Nesting, the practice of parents alternating in and out of the family home while sharing custody of their children, has become more common in recent years, especially in New Jersey. While it may seem like a convenient solution for some divorcing couples, there are also several drawbacks.
Drawbacks of nesting
One of the most significant drawbacks of nesting is the risk of an unhealthy co-dependency between the divorcing parents. Nesting can lead to a blurring of boundaries and an inability to separate and move on with their independent lives fully. This can result in lingering resentment and ongoing conflict, which can negatively impact the children.
Nesting can also lead to increased financial strain. In this type of parenting, both parents must maintain separate living arrangements while also paying for the family home. This can be particularly challenging for those already struggling financially after a divorce.
Challenging for the child
In addition, nesting can also be emotionally challenging for children.
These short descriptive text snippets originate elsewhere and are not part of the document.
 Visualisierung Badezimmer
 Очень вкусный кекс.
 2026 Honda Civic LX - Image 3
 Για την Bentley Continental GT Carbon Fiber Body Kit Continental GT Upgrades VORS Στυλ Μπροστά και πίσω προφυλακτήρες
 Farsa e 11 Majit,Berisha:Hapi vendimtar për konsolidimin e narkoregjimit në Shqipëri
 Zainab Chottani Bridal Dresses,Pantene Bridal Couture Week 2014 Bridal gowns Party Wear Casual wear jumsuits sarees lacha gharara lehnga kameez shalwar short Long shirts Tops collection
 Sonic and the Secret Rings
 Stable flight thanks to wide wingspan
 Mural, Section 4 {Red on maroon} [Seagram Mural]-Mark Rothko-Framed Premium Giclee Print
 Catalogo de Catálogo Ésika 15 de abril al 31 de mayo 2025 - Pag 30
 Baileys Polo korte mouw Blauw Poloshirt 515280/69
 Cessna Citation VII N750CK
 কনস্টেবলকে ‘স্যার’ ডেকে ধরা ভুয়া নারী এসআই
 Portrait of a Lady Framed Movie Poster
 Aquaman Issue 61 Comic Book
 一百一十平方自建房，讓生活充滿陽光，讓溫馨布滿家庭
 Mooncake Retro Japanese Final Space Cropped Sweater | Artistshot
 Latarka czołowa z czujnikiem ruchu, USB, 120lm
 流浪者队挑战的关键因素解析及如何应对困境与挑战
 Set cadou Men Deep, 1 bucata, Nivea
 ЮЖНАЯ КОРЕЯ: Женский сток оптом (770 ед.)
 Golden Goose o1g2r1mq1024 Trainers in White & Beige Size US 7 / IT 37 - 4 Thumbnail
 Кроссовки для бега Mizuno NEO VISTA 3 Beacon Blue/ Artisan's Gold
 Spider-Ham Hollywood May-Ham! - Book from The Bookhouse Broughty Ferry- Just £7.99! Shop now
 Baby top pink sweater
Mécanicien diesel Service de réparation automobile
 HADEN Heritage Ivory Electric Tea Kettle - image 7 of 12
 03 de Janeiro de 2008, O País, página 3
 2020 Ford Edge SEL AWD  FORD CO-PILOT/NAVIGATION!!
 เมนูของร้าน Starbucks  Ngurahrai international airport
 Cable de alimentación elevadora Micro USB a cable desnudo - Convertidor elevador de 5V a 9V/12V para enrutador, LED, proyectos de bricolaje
Continuously adjusting to the rotating presence of each parent in the family home can be confusing and disruptive to a child’s sense of stability and security. Therefore, parents need to consider the emotional impact on their children and to find the best solution for their situation.
Loss of privacy
Another potential drawback of nesting is the loss of privacy and autonomy. When parents are rotating in and out of the family home, there is no real opportunity for personal space or privacy.
While nesting may seem like a convenient solution for some divorcing couples, it’s essential to consider the potential drawbacks and find a solution that works best for their situation. This may involve finding alternative living arrangements, such as separate homes or shared custody arrangements. In addition, it’s crucial for divorcing couples to prioritize communication, collaboration and the well-being of their children to ensure a successful post-divorce co-parenting relationship.